Every line of the listing is returned unchanged, and every picture is dropped.

• AVAILABLE DATA:
□ □ □ □ □

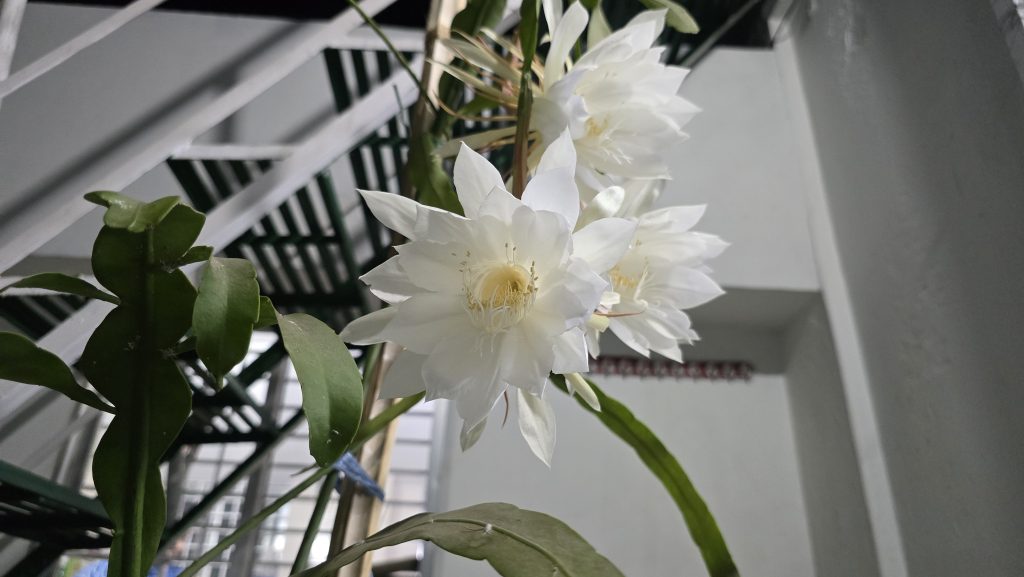ফরিদপুরের ফুটেছে নাইট কুইন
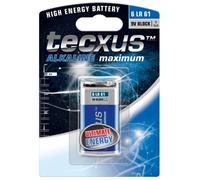 TECXUS - TECXUS IBT T6LR61 BLISTER 1 pile 9V alcaline 6LR61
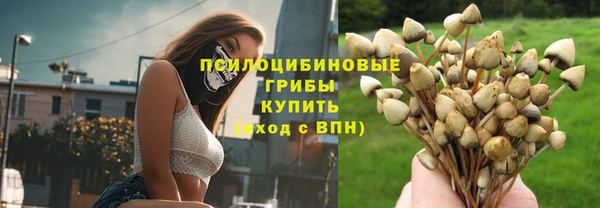 хмурый Кукмор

□ □ □ □ □

• EXERCISE RESULT:
ফরিদপুরের ফুটেছে নাইট কুইন
 TECXUS - TECXUS IBT T6LR61 BLISTER 1 pile 9V alcaline 6LR61
 хмурый Кукмор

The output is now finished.